---------- RECORD EXCERPTS ----------

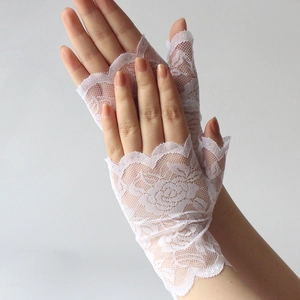 Detailed view of white floral lace gloves with fingerless design and elegant rose patterns
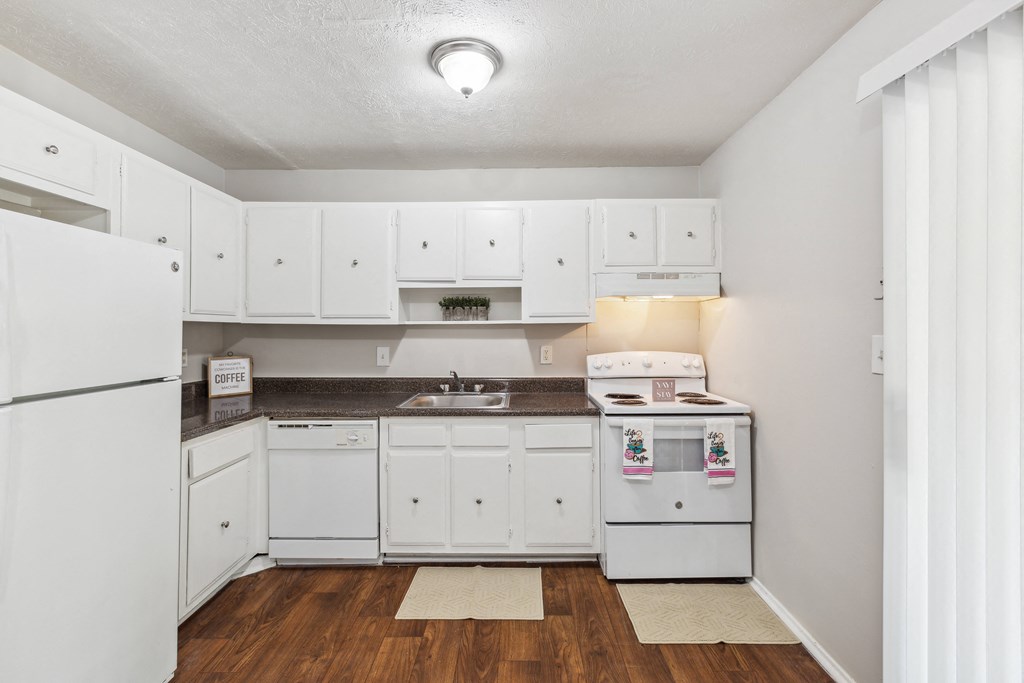 the preserve at ballantyne commons apartment kitchen with white cabinets and appliances
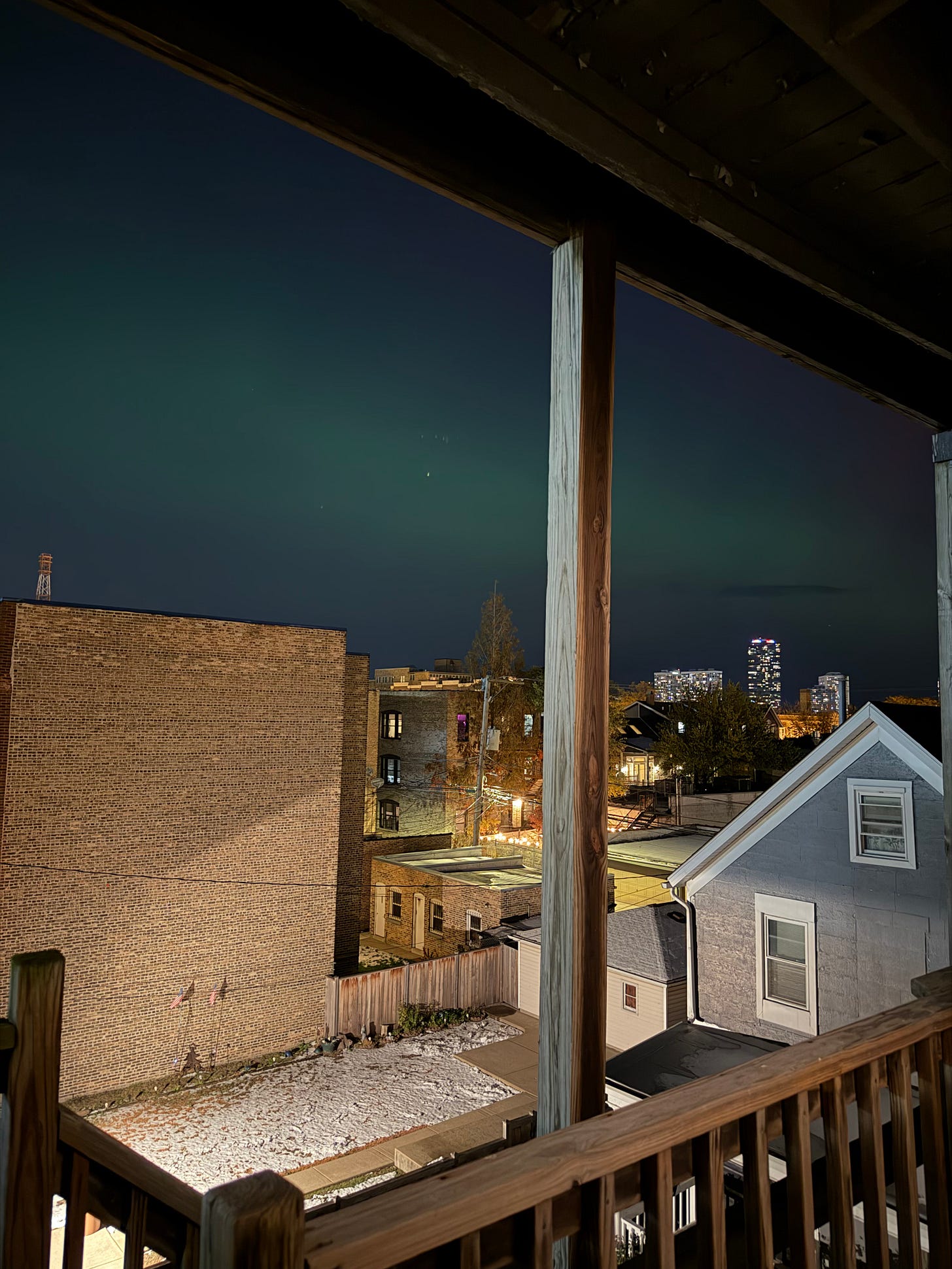 A few brick buildings and the night sky, which has a distinct teal streak through it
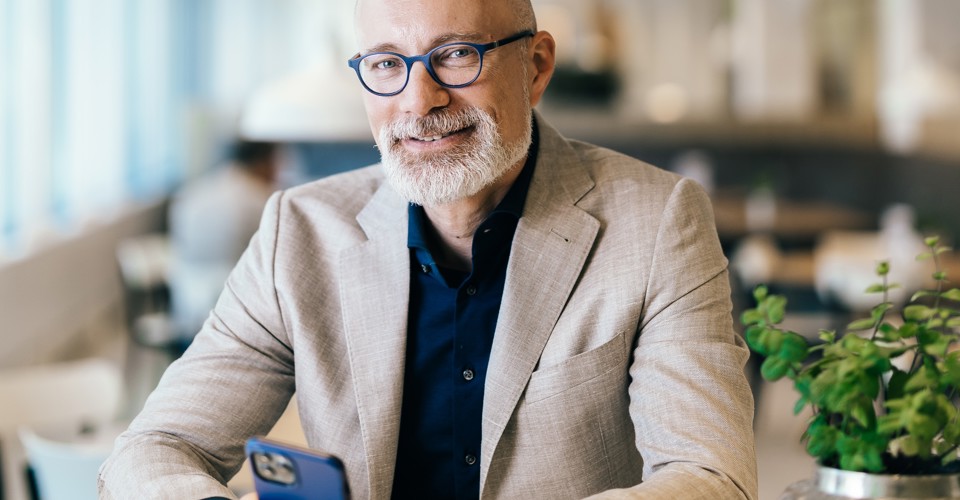 Een man in een lichte blazer zit aan een tafel met een smartphone in zijn hand, omgeven door een moderne interieur.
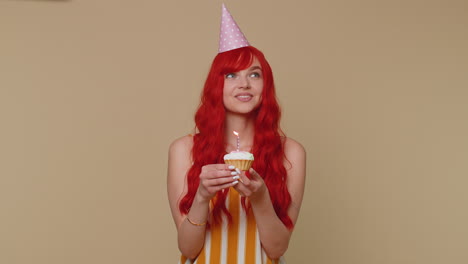 happy redhead girl celebrating birthday anniversary party, blowing candle on small cake cupcake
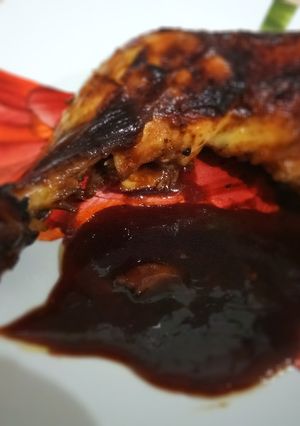 Foto principal de Muslos de Pollo al Papillote en Salsa de Naranja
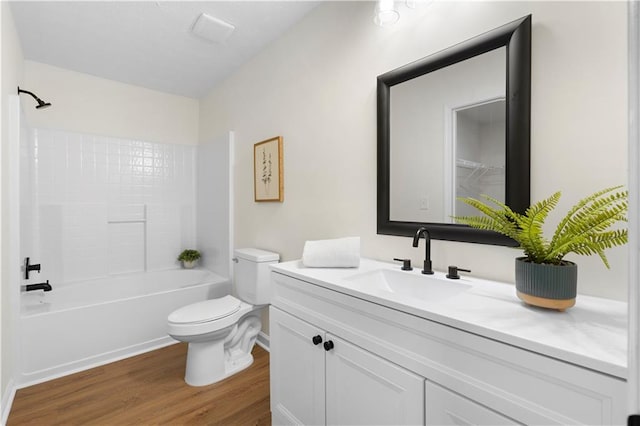 full bathroom featuring vanity, shower / bathtub combination, toilet, and wood finished floors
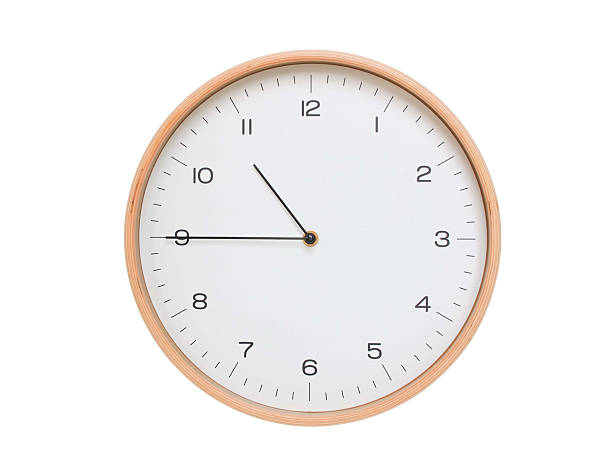 istock Minimal wall clock with light wood frame and white face displaying 10:45 or 22:45. Perfect for clean, modern concepts about time and scheduling. 2209903161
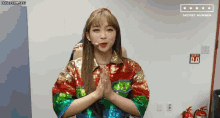a girl in a colorful sequined shirt is standing in front of a microphone .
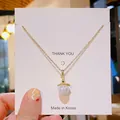 Élégant collier doré avec pendentif gland en perle blanche sur une carte chic - Petite Perle de Sirène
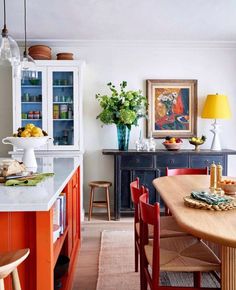 an image of a kitchen setting with orange and red chairs on the countertop, in front of a blue cabinet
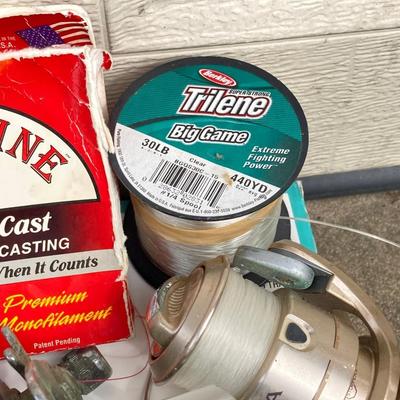 LOT 68: Fishing Reels and Line - (JC Higgins, Quantum, Shakespeare, Shimano and Storm)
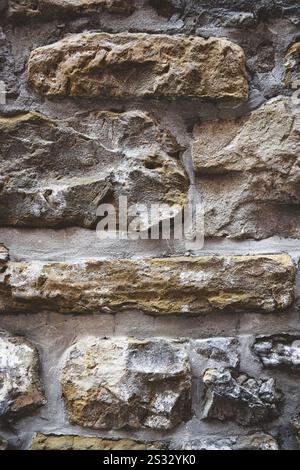 A close-up of an old stone wall. Stock Photo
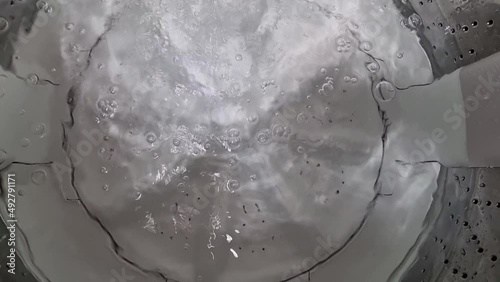 The washing machine is spinning and working in the washing machine.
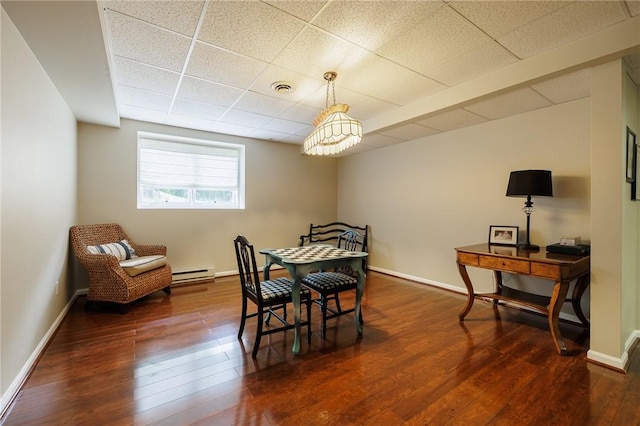 31 Spruce Rdg, Perinton, NY 14450 - dining room featuring a baseboard radiator, hardwood / wood-style flooring, and a drop ceiling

----------

YOUR GOAL: Set down the records exactly, without the pictures.

SOLUTION TO THE EXERCISE:
 Detailed view of white floral lace gloves with fingerless design and elegant rose patterns
 the preserve at ballantyne commons apartment kitchen with white cabinets and appliances
 A few brick buildings and the night sky, which has a distinct teal streak through it
 Een man in een lichte blazer zit aan een tafel met een smartphone in zijn hand, omgeven door een moderne interieur.
 happy redhead girl celebrating birthday anniversary party, blowing candle on small cake cupcake
 Foto principal de Muslos de Pollo al Papillote en Salsa de Naranja
 full bathroom featuring vanity, shower / bathtub combination, toilet, and wood finished floors
 istock Minimal wall clock with light wood frame and white face displaying 10:45 or 22:45. Perfect for clean, modern concepts about time and scheduling. 2209903161
a girl in a colorful sequined shirt is standing in front of a microphone .
 Élégant collier doré avec pendentif gland en perle blanche sur une carte chic - Petite Perle de Sirène
 an image of a kitchen setting with orange and red chairs on the countertop, in front of a blue cabinet
 LOT 68: Fishing Reels and Line - (JC Higgins, Quantum, Shakespeare, Shimano and Storm)
 A close-up of an old stone wall. Stock Photo
 The washing machine is spinning and working in the washing machine.
 31 Spruce Rdg, Perinton, NY 14450 - dining room featuring a baseboard radiator, hardwood / wood-style flooring, and a drop ceiling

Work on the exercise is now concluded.